In your first exposure to trigonometry, you have dealt with trigonometric ratios of angles between 00 and 900. However, in general, we can talk about trigonometric ratios of angles of arbitrary magnitudes (any magnitude).
Let us see how.

## Trigonometric ratios of arbitrary angles:

Let's try to understand it by dividing the coordinate axes system (anticlockwise) manner into four quadrants - 1st, 2nd, 3rd, and 4th quadrant.

### Angles in $${\rm I}$$ Quadrant:

The following figure shows a unit circle centered at the origin of a coordinate axes system.

A variable point $$P$$ moves on the circumference of this circle. In the figure below, $$P$$ is in the first quadrant, and $$OP$$ makes an acute angle of $$\theta$$ radians with the positive $$x$$-direction. $$PQ$$ is the perpendicular dropped from $$P$$ onto the horizontal axis:

It is straight forward to define the trigonometric ratios of theta in this configuration.
For example,

\begin{align}&\sin \theta = \frac{{PQ}}{{OP}} = PQ\\&\tan \theta = \frac{{PQ}}{{OQ}}\end{align}

Note the following special cases:

1. $$\theta = 0$$. If $$P$$ is on the positive $$x$$-axis, then $$\theta = 0$$. In this configuration, the perpendicular $$PQ=0$$ while the base $$OQ$$ and hypotenuse $$OP$$ equal to 1 (basically, $$P$$ and $$Q$$ coincide).
Thus,

$\sin 0 = 0,\,\,\,\cos 0 = 1,\,\,\,\tan 0 = 0$

2. $$\theta = \frac{\pi }{2}\,\,{\rm{or}}\,\,{90^0}$$. If $$P$$ is on the positive $$y$$-axis, then $$\theta = \frac{\pi }{2}$$ radians, and the perpendicular $$PQ$$ = hypotenuse $$OP$$ = 1, while the base $$OQ$$ = 0:

Thus,

$\sin \frac{\pi }{2} = 1,\,\,\,\cos \frac{\pi }{2} = 0,\,\,\,\tan \frac{\pi }{2}:{\rm{N.D.}}$

### Angles in $${\rm I}{\rm I}$$ Quadrant:

Now, suppose that $$P$$ moves into the second quadrant, so that $$\theta$$ is now an obtuse angle (between $$90^\circ$$ and $$180^\circ$$):

Can we define the trigonometric ratios for $$\theta$$ now? Yes! We still consider $$PQ$$ as our perpendicular, $$OQ$$ as our base and $$OP$$ as the hypotenuse, so for example:

\begin{align}&\cos \theta = \frac{{OQ}}{{OP}} = OQ\\&\cot \theta = \frac{{OQ}}{{PQ}}\end{align}

Note: We must take $$OQ$$ to be negative, since it is in the negative $$x$$-direction. This means that $$\cos \theta$$, $$\sec \theta$$, $$\tan \theta$$ and $$\cot \theta$$ will be negative. However, $$\sin \theta$$ and $$\text{cosec}\, \theta$$ will still be positive.
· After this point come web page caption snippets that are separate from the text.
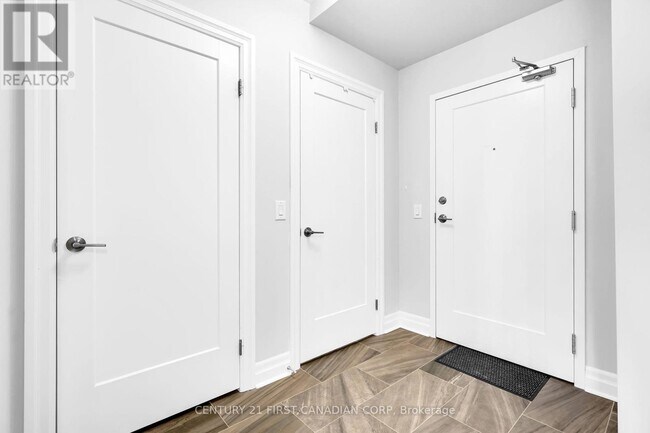 Photo - 505 Talbot St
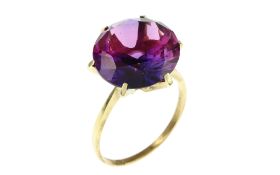 Ring 6.99g 585/- Gelbgold mit Amethyst. Ringgroesse ca. 62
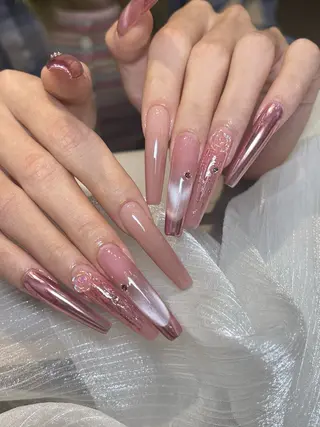 ネイル Elia Nail Salon池袋西口店所属・Saur Nailのネイルデザイン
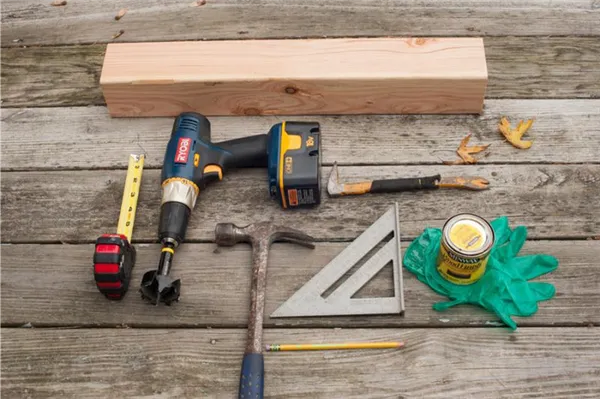 Материалы и инструменты для изготовления деревянного подсвечника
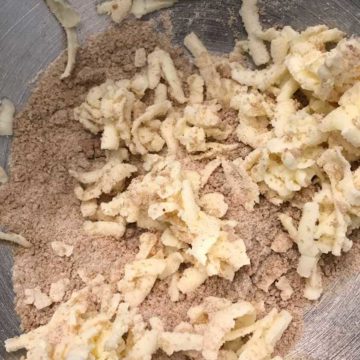 streusel scones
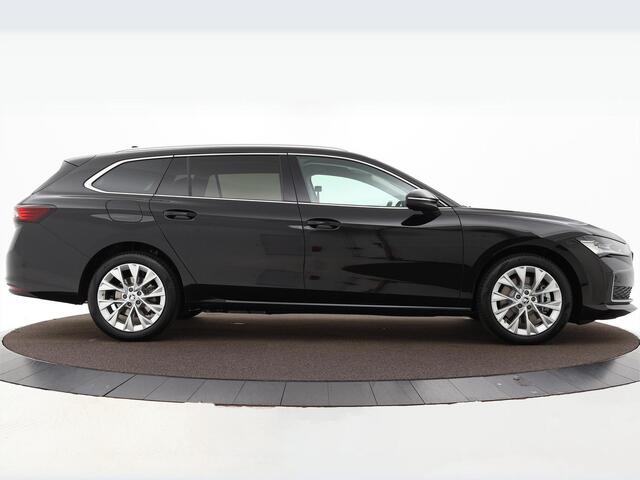 Skoda SUPERB Combi 1.5 TSI iV First Edition | Trekhaak, wegklapbaar | Light & view pakket | Akoestisch pakket | Chrome pakket | Comfortpakket | Winterpakket |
When $$P$$ is on the negative $$x$$-axis, $$\theta$$ is exactly $$\pi$$ radians:

Note that $$PQ$$ has reduced to 0, while $$OQ$$ = $$OP$$ = 1, so that,

$\sin \pi = 0,\,\,\,\cos \pi = - 1,\,\,\,\tan \pi = 0$

### Angles in $${\rm I}{\rm I}{\rm I}$$ Quadrant:

When $$P$$ is in the third quadrant, $$\theta$$ is between $$180^\circ$$ and $$270^\circ$$. Both the perpendicular and base will be taken as negative in this configuration:

The trigonometric ratios will still be defined using $$PQ$$ as the perpendicular, $$OQ$$ as the base and $$OP$$ as the hypotenuse. For example:

\begin{align}&\cot \theta = \frac{{OQ}}{{PQ}}\\&\cos \theta = \frac{{OQ}}{{OP}} = OQ\end{align}

Note: $$\sin \theta$$, $$\text{cosec}\, \theta$$, $$\cos \theta$$ and $$\sec \theta$$ will be negative, while $$\tan \theta$$ and $$\cot \theta$$ will be positive.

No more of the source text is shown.